This international break has been typically quiet for the new style post-Cellino (if we’re only temporarily post-Cellino) Leeds United; no games played, no players signed on loan, no shock revelations.

Some of the club’s youngster impressed in a Development Squad match, as has become almost usual; some others of the club’s youngsters are off on various levels of international representation this weekend, where if they play no doubt they’ll impress too.

Chris Dawson says he’s looking forward to breaking through next season, Luke Parkin says that Redders insists to the young players that the first team door is always open if they work hard enough, and Redders himself gave an hour long interview to BBC Radio Leeds that had plenty of interest but nothing of horror.

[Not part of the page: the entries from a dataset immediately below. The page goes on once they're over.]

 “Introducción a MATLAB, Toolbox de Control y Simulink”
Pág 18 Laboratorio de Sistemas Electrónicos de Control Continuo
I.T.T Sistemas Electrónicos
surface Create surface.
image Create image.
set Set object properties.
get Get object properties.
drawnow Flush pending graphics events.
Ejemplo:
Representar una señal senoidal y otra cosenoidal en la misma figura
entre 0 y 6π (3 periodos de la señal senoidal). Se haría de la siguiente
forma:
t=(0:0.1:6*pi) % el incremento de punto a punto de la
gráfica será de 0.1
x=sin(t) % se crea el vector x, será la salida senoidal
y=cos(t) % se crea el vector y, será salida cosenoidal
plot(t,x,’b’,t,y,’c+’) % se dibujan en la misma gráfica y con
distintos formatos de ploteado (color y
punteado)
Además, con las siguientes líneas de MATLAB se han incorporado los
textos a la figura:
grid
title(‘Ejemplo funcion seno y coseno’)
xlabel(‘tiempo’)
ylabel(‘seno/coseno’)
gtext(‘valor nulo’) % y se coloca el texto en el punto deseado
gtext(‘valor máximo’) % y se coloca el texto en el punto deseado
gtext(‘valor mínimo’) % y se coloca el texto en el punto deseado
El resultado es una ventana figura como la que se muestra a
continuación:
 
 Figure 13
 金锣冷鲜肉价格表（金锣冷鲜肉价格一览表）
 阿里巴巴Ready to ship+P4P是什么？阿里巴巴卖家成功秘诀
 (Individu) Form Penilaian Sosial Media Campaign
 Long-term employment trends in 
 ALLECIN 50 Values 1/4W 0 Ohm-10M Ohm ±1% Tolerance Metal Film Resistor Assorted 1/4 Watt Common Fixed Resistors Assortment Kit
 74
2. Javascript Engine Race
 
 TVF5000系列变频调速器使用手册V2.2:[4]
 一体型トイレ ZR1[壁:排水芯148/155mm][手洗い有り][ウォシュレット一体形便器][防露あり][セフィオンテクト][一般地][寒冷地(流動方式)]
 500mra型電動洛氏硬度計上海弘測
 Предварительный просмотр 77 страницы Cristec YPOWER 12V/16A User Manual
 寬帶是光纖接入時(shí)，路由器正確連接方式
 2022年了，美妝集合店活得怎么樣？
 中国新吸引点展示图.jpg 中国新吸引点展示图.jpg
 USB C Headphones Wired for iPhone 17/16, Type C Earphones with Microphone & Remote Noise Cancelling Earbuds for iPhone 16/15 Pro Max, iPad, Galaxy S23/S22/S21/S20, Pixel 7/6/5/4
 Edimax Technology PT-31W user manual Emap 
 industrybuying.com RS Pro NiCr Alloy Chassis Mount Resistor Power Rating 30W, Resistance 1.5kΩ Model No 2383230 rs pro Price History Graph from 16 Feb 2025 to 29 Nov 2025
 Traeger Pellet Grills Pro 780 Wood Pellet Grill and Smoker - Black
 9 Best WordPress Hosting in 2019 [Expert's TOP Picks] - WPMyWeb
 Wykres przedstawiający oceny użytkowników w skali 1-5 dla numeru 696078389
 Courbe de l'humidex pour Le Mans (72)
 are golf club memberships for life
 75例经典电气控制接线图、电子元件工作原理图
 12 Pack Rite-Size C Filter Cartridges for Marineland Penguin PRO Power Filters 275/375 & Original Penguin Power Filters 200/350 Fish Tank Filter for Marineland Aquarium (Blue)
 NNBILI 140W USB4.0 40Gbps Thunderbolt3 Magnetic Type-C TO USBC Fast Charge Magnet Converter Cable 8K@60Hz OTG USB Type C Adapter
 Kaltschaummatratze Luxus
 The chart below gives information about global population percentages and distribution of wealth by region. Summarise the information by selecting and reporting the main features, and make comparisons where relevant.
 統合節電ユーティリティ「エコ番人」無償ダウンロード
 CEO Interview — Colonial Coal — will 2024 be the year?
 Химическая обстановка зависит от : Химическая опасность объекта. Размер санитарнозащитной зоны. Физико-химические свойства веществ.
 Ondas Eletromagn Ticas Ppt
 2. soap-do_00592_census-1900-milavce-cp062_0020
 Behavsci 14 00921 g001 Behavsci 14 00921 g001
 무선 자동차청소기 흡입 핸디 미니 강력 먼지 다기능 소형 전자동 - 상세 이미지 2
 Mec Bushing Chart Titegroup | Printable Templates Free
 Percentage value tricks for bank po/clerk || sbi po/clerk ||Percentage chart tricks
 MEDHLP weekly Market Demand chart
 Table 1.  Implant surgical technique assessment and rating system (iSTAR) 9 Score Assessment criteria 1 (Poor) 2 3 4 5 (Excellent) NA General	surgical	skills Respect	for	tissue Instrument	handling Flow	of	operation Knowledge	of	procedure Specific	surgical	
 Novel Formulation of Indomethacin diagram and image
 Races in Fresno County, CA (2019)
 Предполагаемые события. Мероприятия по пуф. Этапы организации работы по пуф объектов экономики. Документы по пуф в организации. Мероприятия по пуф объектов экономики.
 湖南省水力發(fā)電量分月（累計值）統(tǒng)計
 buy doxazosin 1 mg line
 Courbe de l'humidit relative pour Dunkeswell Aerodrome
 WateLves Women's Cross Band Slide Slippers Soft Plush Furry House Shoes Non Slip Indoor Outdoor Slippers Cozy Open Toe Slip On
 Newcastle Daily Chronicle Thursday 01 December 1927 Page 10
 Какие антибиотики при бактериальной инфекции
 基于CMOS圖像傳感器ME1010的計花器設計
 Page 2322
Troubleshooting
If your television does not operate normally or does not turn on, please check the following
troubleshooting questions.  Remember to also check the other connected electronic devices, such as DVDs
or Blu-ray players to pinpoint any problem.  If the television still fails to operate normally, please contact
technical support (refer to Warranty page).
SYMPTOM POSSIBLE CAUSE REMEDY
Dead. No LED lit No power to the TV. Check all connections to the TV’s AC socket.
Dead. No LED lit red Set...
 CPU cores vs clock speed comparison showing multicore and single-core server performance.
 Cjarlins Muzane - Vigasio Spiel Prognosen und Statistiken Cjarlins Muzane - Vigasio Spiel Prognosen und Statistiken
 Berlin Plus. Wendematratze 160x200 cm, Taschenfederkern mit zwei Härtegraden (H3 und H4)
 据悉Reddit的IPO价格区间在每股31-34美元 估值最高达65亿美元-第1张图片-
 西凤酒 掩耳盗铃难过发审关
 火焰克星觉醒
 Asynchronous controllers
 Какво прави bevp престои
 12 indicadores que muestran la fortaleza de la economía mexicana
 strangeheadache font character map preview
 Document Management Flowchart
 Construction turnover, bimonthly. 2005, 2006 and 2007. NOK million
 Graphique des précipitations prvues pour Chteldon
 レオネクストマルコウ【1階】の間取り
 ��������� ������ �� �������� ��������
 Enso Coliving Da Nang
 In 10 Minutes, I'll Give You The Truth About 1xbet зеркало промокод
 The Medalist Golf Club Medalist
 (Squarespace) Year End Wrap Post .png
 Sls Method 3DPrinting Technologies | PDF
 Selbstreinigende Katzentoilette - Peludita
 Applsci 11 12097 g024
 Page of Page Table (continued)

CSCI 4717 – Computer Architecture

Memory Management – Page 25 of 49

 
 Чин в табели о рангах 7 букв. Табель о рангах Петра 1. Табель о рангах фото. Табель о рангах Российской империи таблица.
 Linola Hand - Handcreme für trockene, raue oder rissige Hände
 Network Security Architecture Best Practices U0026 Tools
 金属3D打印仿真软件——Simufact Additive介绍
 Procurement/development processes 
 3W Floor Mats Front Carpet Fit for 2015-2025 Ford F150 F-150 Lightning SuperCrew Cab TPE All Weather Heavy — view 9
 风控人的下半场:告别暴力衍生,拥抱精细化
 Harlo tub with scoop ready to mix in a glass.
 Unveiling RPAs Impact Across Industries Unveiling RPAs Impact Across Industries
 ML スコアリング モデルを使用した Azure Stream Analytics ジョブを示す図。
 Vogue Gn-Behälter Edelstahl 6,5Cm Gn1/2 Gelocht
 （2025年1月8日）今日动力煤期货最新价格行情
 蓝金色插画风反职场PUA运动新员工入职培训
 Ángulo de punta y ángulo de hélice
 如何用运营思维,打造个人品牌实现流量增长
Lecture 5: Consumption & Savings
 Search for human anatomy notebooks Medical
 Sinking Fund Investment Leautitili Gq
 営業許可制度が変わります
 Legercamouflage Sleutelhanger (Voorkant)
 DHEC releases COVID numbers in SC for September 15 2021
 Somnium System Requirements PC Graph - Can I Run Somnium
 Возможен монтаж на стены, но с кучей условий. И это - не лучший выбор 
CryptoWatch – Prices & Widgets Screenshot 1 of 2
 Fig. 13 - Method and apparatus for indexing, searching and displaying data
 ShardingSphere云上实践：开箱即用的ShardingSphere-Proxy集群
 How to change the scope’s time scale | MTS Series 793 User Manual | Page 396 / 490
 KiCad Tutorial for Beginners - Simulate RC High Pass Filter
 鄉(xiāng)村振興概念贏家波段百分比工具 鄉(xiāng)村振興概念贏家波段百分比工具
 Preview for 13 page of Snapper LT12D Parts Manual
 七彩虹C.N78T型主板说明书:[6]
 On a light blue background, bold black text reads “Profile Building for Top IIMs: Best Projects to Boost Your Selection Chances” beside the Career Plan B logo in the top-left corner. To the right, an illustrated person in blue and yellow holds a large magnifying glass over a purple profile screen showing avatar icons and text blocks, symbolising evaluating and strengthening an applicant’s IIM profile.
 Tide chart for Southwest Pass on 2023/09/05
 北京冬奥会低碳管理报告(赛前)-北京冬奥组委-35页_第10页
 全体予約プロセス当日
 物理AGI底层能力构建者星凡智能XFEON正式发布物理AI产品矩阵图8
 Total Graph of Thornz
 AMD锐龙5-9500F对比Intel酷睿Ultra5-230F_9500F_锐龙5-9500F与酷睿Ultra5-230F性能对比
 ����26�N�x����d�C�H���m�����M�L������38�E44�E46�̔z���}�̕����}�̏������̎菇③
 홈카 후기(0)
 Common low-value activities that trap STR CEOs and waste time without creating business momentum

It’s been so quiet, that it has almost felt like our presumptive owners in waiting Genting didn’t publicly deny their strongly rumoured interest; like our recently appointed chief operating officer didn’t suddenly leave without explanation.

That’s one of the things about stability; the waters are still, the sky is clear, and nobody thinks overmuch about icebergs.

The takeover talk this time around has had a different tone to that of the last few years, and it’s not easy to ascribe a source or reason for it. The whole period from the start of 2012 until today can’t really be separated into distinct times of takeover, as each seemed to bleed into the next and put LUFC into a constant state of flux.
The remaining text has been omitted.